Question 17 – Plans for this year
I book-ended the last question of looking backward to ask them what they wanted to “add” or do differently this year. Here are the raw results:
- Add members-only viewing and move location for public
- Finalize location for centre observatory; dark-sky preserve; bathroom and warming option
- I wish we could get more club-member volunteers to step up and help.
- Have a successful “Star Party” at our observing site.
- More sidewalk astronomy.
- It would be helpful if we had more members/volunteers who would set up their scopes each month and we could increase the pre-booked public numbers. I would like to know more about ‘pop-up sidewalk astronomy’.There was no place to add this but each year we partner with a dark-sky area for the Perseid Meteor Shower. They keep the park open past midnight. There were 2,000 people in attendance last year.

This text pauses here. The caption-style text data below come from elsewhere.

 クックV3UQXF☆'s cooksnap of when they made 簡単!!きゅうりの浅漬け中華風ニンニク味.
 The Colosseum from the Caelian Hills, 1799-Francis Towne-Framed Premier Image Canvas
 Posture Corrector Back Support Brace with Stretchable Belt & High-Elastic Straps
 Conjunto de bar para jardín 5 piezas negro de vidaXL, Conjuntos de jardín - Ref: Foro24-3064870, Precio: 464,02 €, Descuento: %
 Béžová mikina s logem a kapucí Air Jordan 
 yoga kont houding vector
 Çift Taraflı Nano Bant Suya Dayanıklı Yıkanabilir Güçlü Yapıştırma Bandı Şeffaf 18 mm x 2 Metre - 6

- anticipating access to an observatory again this summer!
- build telescope pads and a fence to block headlights
- Anniversary Banquet
- Lots of clear skies for our summer star parties!
- Have a successful international astronomy day, in years past we have had to cancel due to poor weather.
- Attend more events
- Find an urban site with free rooms to restart our Sidewalk Astronomy and offer sessions such as NOVA, NOVA Jr and Telescope Workshop
After the survey was done, a friend asked me, “Did you get what you want from the survey?” and I could honestly say the answer was both “Yes! And more!” and “I don’t know yet”. There is a LOT of data in the survey, and while I don’t want to take percentage changes as too definitive given the small sample size, it is at least somewhat indicative of who is doing what as well as where and how. I may find myself returning to it throughout the year.

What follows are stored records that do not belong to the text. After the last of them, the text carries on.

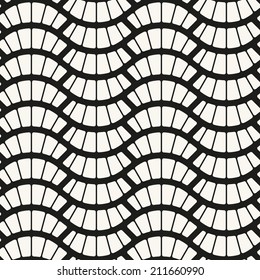 Seamless pattern. Geometric ornament. Stylish background. Vector repeating texture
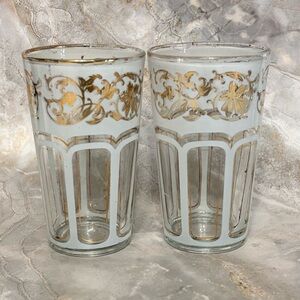 Vintage Moroccan Tea Glasses 4oz Set of 2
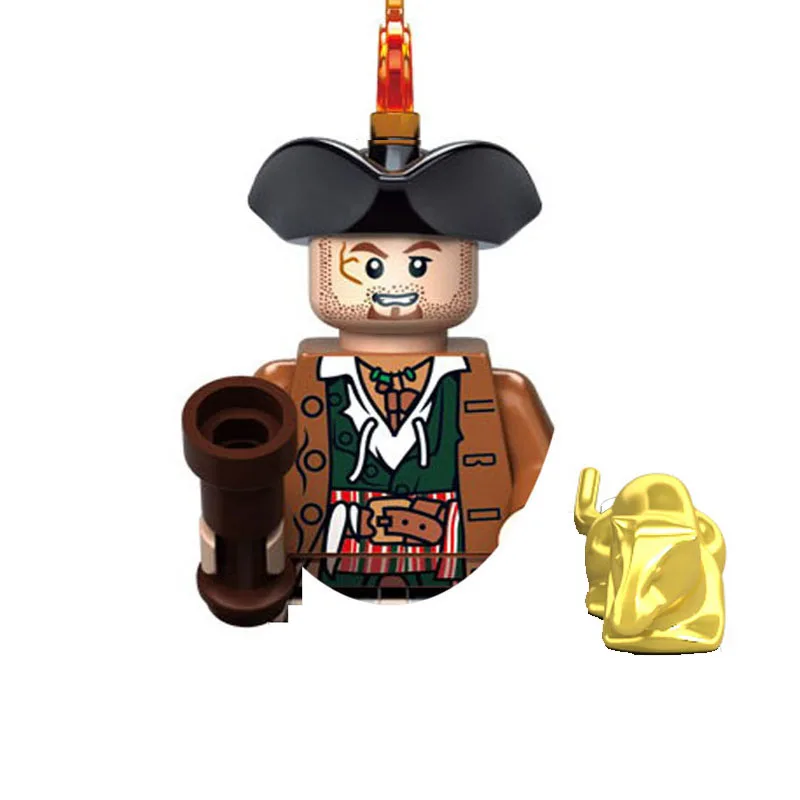 Pirate Shark Animal Blocks - Creative Building Toy Set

Between the two surveys — the one of Ottawa member and the one of RASC Centres — I see a lot of great creative ways to improve some of what we do in Ottawa. I also see things that, while creative and interesting, are more likely lower priorities to focus on for my role.
For this year’s observing plans and coordination duties so far, I’ve tried to do a few things differently:
- Survey the members about their desires for the monthly events;
- Survey the other Centres to glean new ideas;
- Expand from May to October to add April (International Astronomy Day) and November;
- Expand the cross-promotion with sidewalk astronomy and informal groups so that it is more formally promoted and members are encouraged to join too, not just leaving it to a smaller handful of willing members;
- Plan (but perhaps not organize directly) some members-only visits to additional sites that have some darker-sky opportunities that some members would like to try out formally as a RASC-led / -approved / -sanctioned event; and,
- Add some themes to my announcements.
The upside is more events; the downside is more GO / NO-GO calls to be made and distributed, hoping that the result matches the weather forecast that day or from the day before.
And I need to start exploring options for washrooms on-site and a potential light barrier solution at the monthly event.
Thank you to all the Centres who participated. For those who didn’t get a chance this year, hopefully I’ll be able to expand a bit next year and improve the questions as well as the targeting.